When you look at an object, the line of sight is the straight line from your eye to it. The angle of elevation is the angle this line makes above the horizontal; the angle of depression is the angle it makes below the horizontal.

Angle of elevation \(\alpha\) — looking up

Depression from the top \(=\) elevation from below (alternate angles)

The alternate-angle shortcut. Because the two horizontals are parallel, the angle of depression of a point from an observer always equals the angle of elevation of the observer from that point. Re-drawing a depression as an elevation often makes the right triangle obvious.

Section 15-2

The Right-Triangle Toolkit

Almost every problem reduces to a right triangle whose vertical leg is a height, horizontal leg a distance, and acute angle an elevation or depression. Three ratios do all the work.

📐

The working relations

\(\tan\theta=\dfrac{\text{height}}{\text{distance}},\quad \sin\theta=\dfrac{\text{height}}{\text{line of sight}},\quad \cos\theta=\dfrac{\text{distance}}{\text{line of sight}}\)
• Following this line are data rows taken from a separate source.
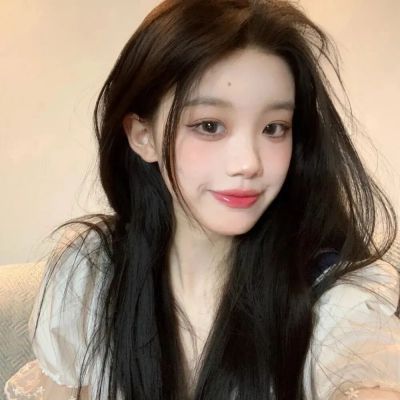 简单耐看让人心动的女生头像 很好看的青春女头合集2023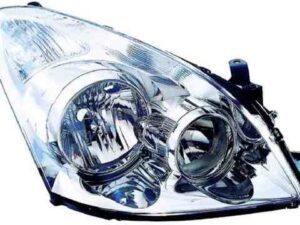 Faro Delantero Derecho Toyota Corolla Verso año 2005 a 2009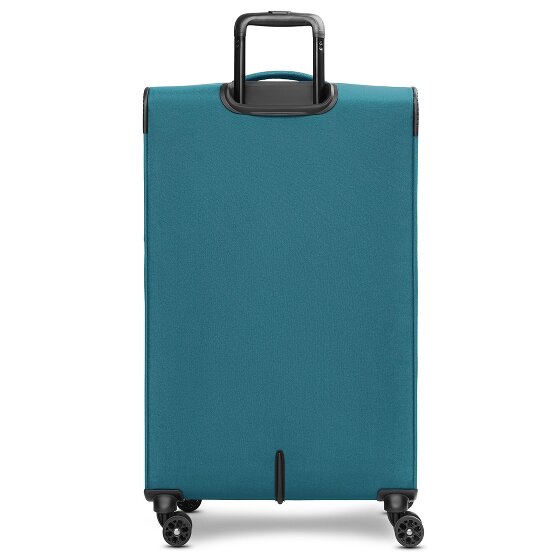Stratic taska 4-Rollen Trolley L 76 cm mit Dehnfalte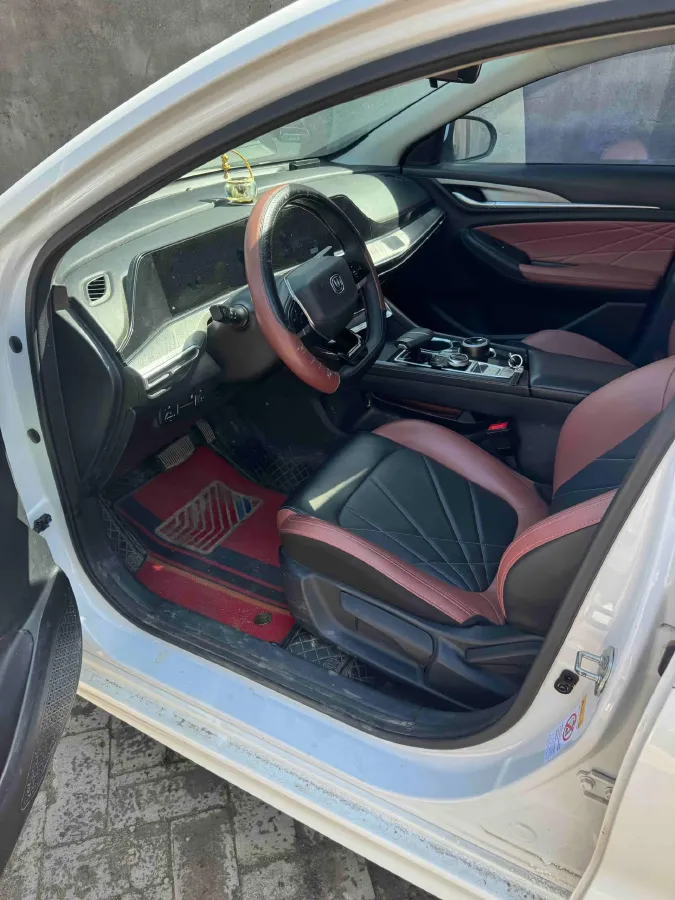 2022 ChangAn Eado 1.4T 160HP L4 7DCT,autocango,china used car exporter,china ev exporter,chinese used car exporter,chinese used ev exporter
For a tower of height \(h\) seen at elevation \(\theta\) from distance \(d\), the master relation is simply \(h=d\tan\theta\), equivalently \(d=h\cot\theta\).

! Mind the observer's height

If the observation is made from eye level or from the top of a building, the measured triangle sits above the ground. Add the observer's height back at the end, and always draw the horizontal through the eye, not through the feet.

Section 15-3

A Single Observation

The simplest case: one known distance, one measured angle, one unknown. Identify the right triangle, pick the ratio that links what you know to what you want, and solve.

▸ The pattern

A tower seen at elevation \(30^{\circ}\) from a point \(30\text{ m}\) away has height \(h=30\tan30^{\circ}=10\sqrt3\text{ m}\). One ratio, one line of working.

Section 15-4

Two Points on a Straight Line

When the height and the distance are both unknown, a second observation supplies the extra equation. The observer walks a measured distance \(d\) straight toward the tower; the elevation grows from \(\alpha\) to \(\beta\).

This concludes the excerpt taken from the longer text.